'''

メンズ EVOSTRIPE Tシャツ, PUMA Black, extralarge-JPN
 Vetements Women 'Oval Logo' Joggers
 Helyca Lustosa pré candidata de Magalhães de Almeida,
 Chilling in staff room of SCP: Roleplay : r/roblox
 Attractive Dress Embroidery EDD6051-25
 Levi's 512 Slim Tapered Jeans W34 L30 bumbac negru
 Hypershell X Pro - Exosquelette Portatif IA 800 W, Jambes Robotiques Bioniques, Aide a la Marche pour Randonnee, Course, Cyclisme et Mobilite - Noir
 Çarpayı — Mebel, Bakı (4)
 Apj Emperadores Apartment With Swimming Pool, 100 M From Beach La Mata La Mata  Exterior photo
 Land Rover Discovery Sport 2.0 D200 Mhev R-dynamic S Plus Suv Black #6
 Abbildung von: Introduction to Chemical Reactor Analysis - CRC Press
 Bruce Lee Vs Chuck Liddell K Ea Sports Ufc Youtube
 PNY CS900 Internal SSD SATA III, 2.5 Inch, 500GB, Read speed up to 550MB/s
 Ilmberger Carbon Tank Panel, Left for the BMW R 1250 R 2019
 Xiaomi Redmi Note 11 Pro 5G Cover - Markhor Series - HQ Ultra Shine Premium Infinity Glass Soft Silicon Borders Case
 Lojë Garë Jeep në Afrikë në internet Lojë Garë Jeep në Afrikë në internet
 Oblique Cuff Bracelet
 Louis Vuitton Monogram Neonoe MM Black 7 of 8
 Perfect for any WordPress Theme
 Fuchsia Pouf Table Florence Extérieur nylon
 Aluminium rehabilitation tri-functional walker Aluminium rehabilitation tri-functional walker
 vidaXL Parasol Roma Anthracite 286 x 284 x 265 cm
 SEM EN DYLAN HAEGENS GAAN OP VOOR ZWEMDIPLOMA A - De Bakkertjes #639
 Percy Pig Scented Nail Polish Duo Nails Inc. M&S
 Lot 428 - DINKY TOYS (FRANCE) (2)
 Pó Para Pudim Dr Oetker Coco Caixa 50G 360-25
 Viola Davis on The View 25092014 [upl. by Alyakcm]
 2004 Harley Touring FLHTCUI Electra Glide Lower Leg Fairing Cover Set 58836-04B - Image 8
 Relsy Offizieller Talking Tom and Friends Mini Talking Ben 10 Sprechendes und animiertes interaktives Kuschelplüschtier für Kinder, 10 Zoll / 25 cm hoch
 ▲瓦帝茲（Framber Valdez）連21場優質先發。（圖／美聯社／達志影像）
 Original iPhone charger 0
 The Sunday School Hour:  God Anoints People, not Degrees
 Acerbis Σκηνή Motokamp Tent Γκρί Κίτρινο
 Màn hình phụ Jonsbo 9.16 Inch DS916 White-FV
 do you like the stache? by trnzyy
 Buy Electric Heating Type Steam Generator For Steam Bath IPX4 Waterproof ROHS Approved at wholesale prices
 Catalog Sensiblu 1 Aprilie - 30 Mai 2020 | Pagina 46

'''

## WHAT IS REQUIRED
Every line of the records above where the string "Inch" is found should be copied.

## ANSWER TO THE EXERCISE
 PNY CS900 Internal SSD SATA III, 2.5 Inch, 500GB, Read speed up to 550MB/s
 Màn hình phụ Jonsbo 9.16 Inch DS916 White-FV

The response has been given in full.